* EXERCISE REQUIREMENTS
Begin your copy at the line with "Publiczność czekająca na" in the records below and end it at the line with "130 Rowandale Avenue Manurewa_11", restating each line word for word; omit the pictures.
**** SUPPLIED DATA
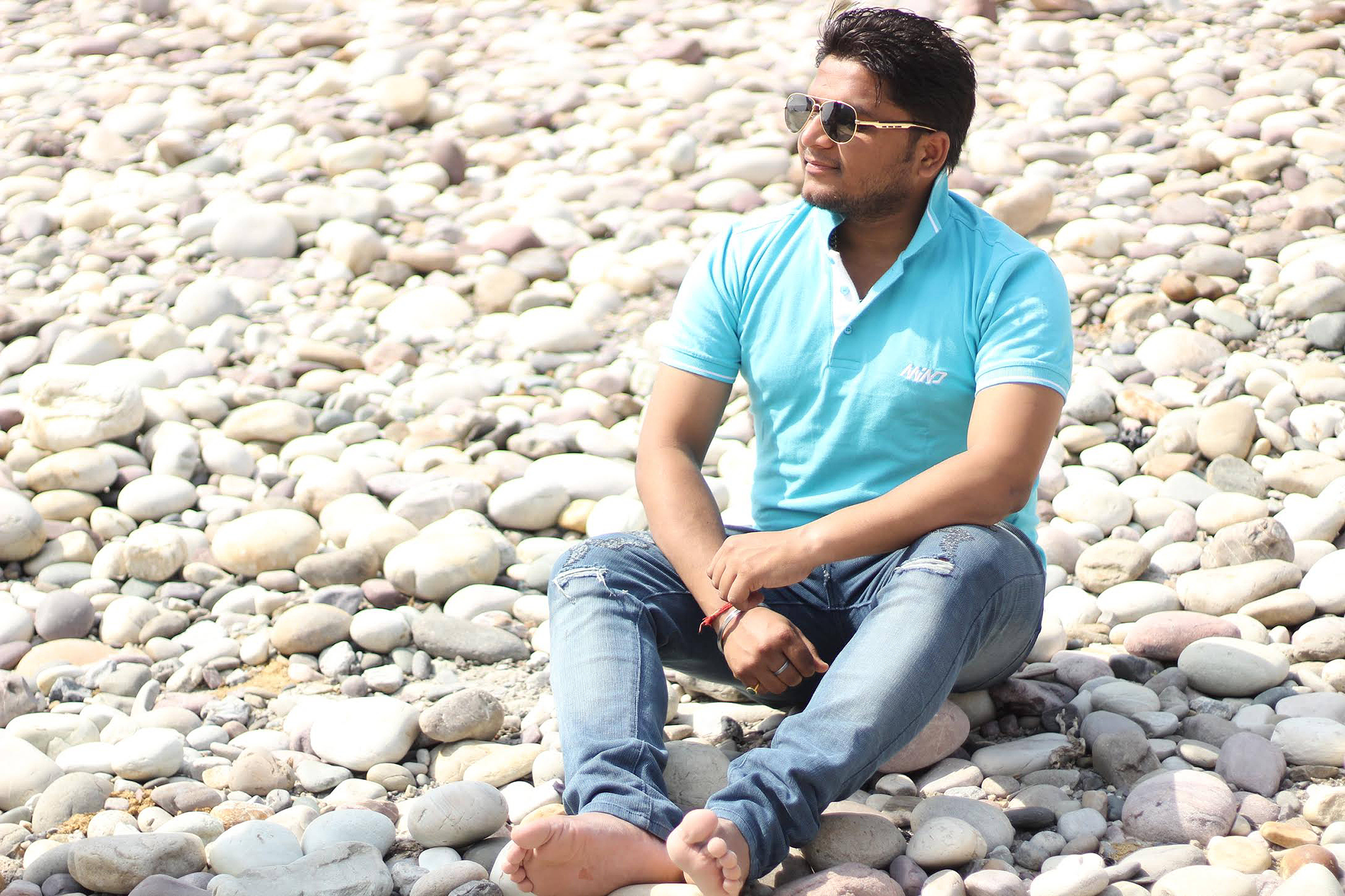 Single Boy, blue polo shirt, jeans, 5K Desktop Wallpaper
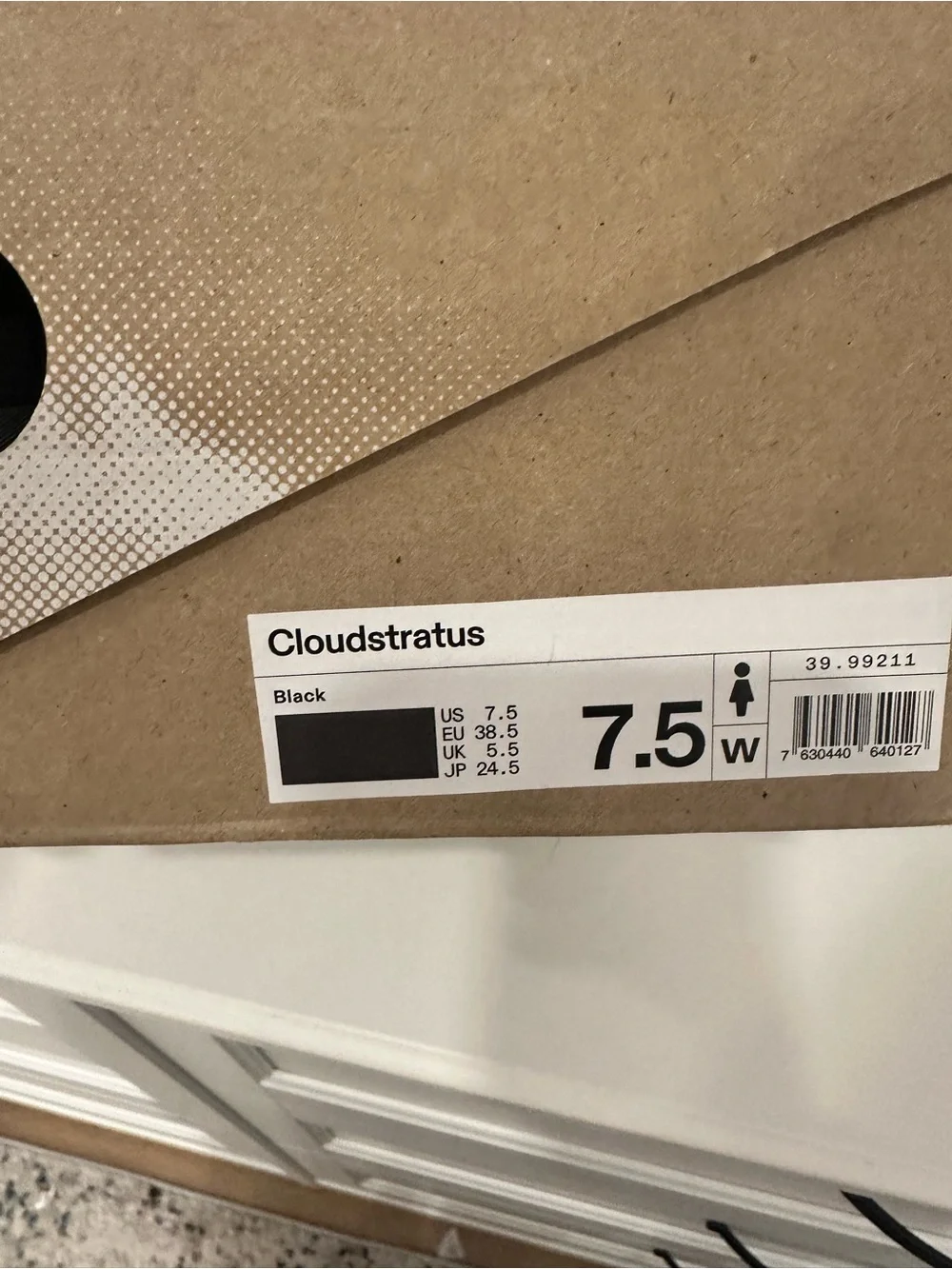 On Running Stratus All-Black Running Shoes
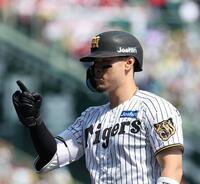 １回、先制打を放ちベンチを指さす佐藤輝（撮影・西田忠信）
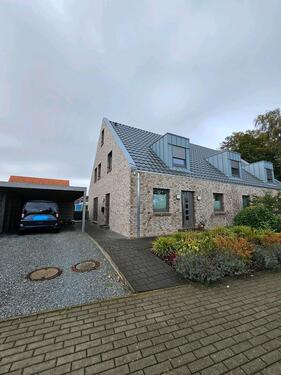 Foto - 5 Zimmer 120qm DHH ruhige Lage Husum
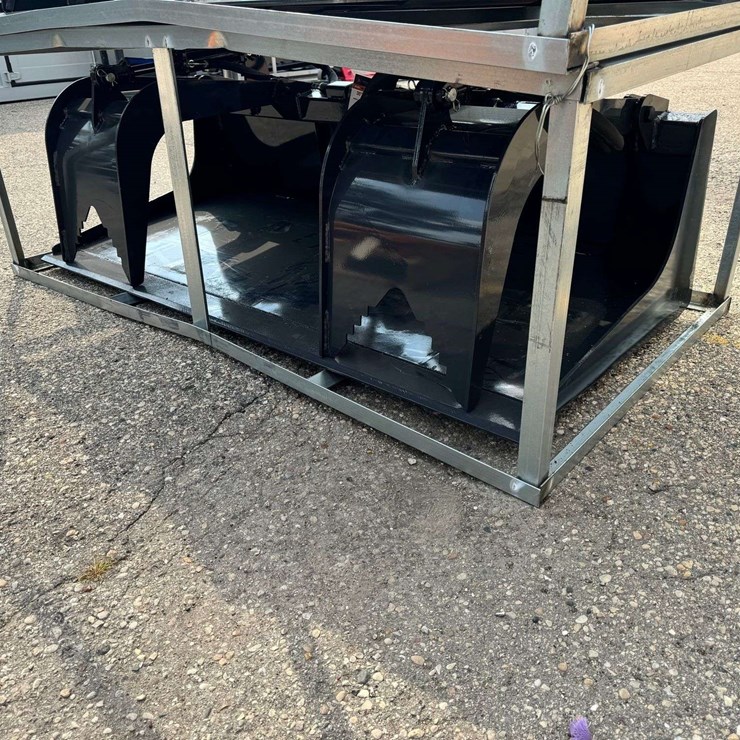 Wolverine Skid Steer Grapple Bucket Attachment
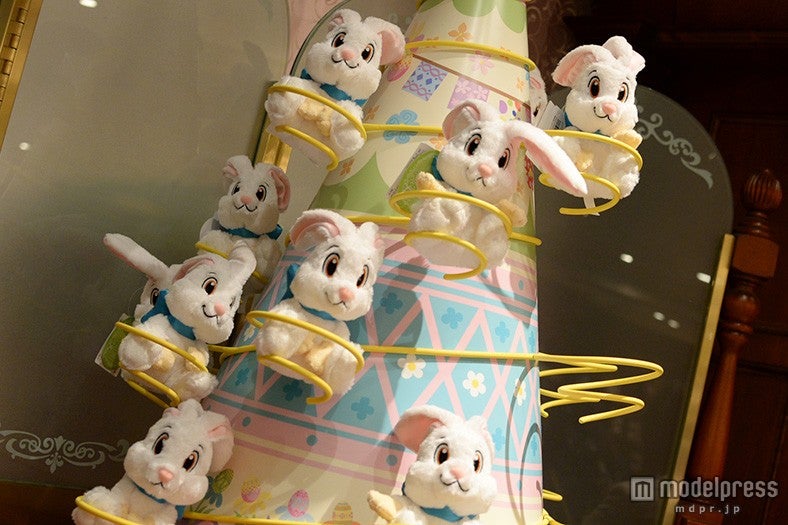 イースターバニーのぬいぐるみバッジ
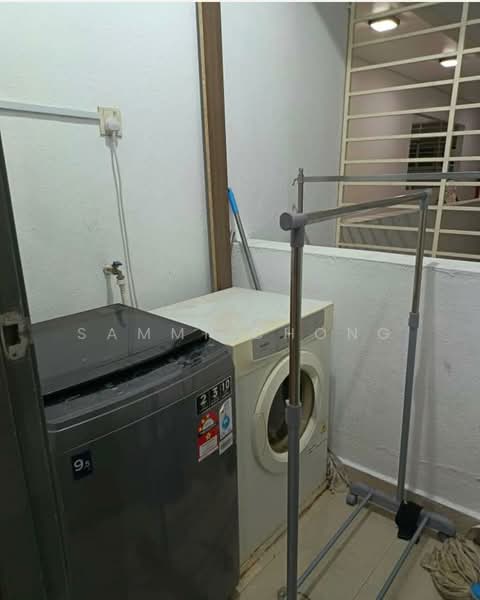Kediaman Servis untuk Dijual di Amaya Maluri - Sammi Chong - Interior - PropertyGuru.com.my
********
**** SUPPLIED DATA
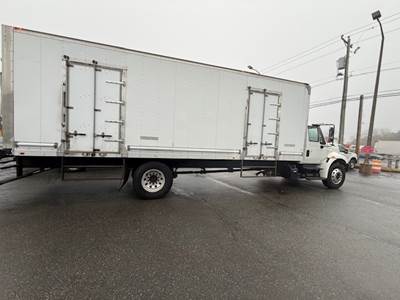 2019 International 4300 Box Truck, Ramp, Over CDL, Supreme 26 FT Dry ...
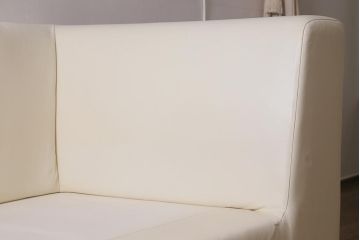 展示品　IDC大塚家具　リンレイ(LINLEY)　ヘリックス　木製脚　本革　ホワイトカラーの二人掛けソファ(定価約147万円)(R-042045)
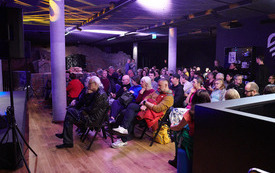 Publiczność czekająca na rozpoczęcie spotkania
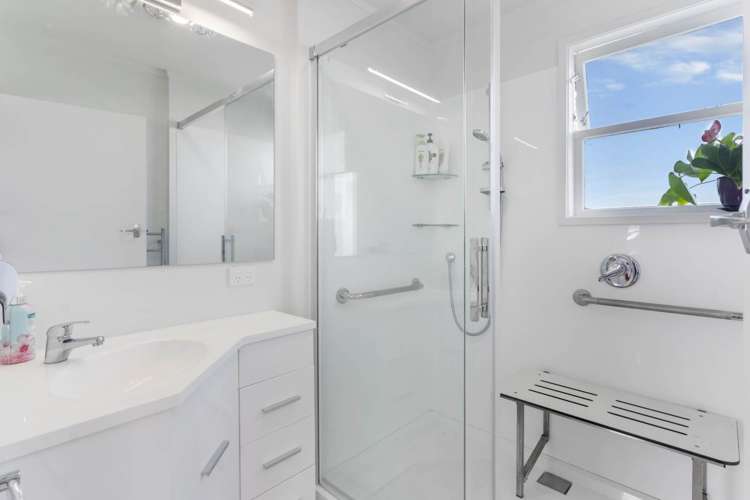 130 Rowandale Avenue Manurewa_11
********
* EXERCISE ANSWER
 Publiczność czekająca na rozpoczęcie spotkania
 130 Rowandale Avenue Manurewa_11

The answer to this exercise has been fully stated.